■ **Listed entries**:

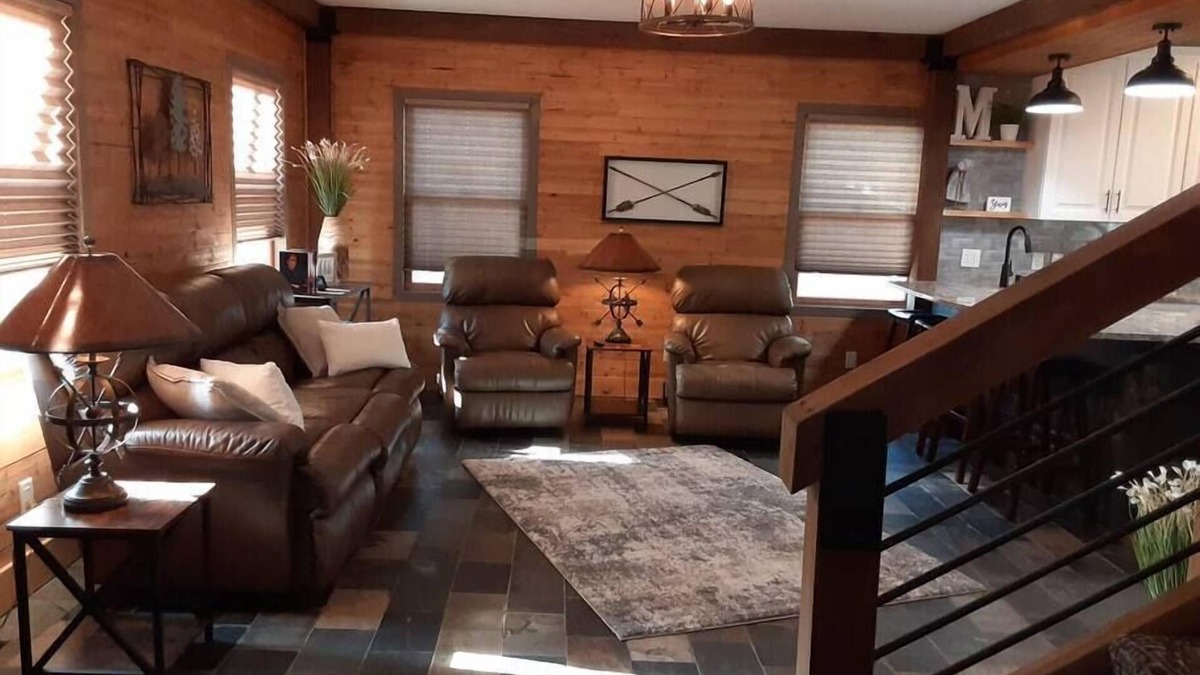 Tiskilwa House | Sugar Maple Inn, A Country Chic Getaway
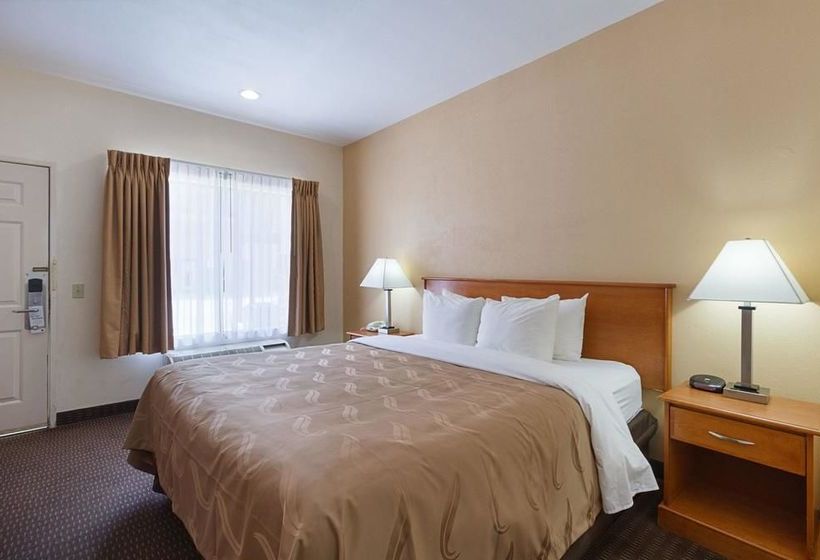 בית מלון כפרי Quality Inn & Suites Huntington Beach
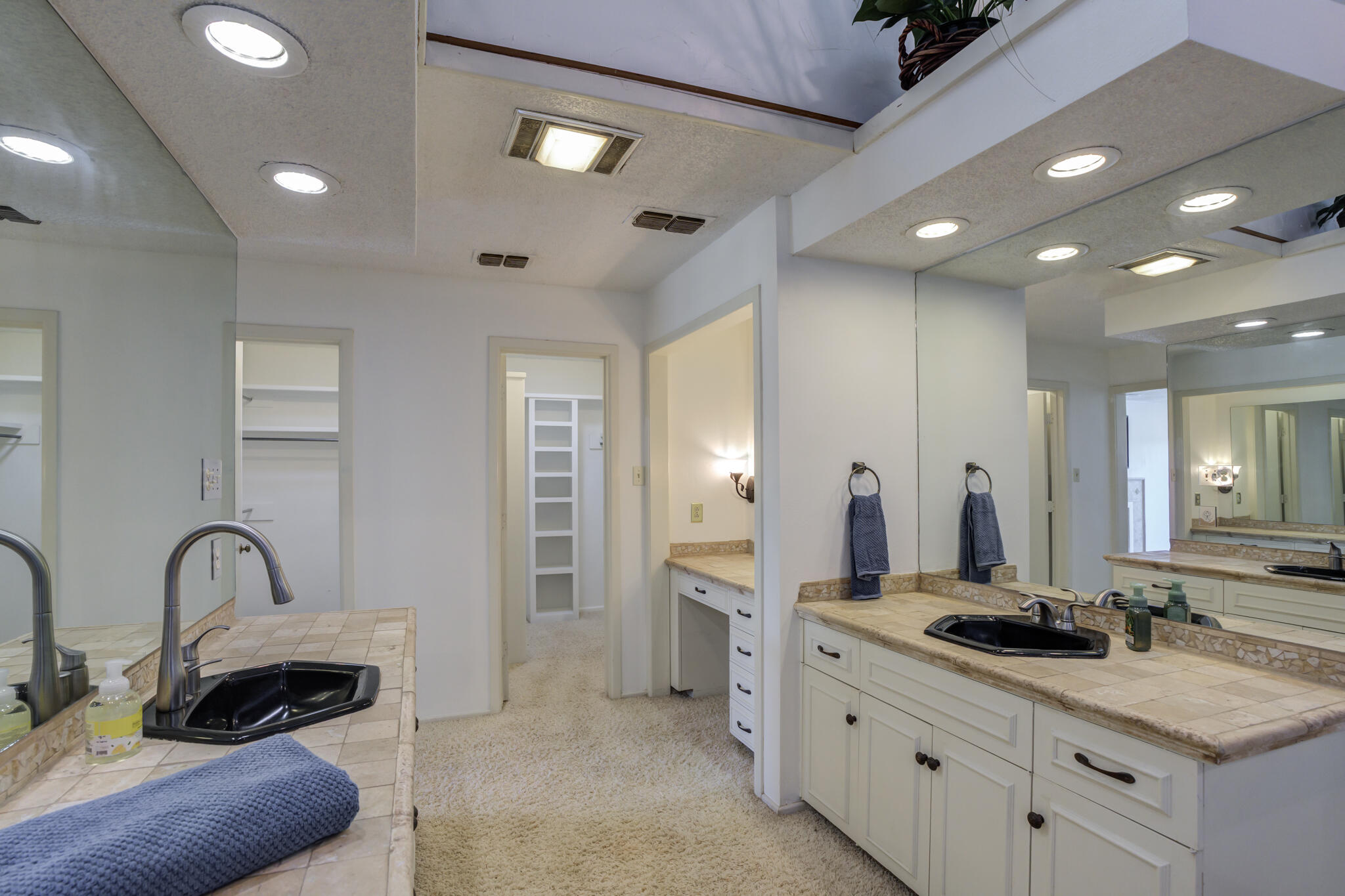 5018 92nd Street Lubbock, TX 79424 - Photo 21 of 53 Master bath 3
* * *
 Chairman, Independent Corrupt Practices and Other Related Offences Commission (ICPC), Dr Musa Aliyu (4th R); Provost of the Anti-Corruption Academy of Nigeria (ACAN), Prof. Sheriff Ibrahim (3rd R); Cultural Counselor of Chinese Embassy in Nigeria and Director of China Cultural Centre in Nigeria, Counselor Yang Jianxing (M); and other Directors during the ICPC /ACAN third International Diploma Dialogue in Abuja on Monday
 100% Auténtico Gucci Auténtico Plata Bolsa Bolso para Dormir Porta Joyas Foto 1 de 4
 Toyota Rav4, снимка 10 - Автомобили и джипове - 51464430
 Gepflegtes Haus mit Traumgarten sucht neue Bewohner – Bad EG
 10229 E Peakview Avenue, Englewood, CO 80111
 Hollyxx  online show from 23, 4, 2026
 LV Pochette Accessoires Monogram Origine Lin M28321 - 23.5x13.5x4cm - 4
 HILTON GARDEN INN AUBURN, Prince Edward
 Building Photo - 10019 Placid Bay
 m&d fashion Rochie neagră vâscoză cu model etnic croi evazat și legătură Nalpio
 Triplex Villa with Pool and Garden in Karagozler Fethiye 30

■ **Problem to solve**: From the listing above, repeat exactly the lines starting at the line that includes "m&d fashion Rochie" and ending at the line that includes "Triplex Villa with", with nothing outside that span.

■ **Your solution**:
 m&d fashion Rochie neagră vâscoză cu model etnic croi evazat și legătură Nalpio
 Triplex Villa with Pool and Garden in Karagozler Fethiye 30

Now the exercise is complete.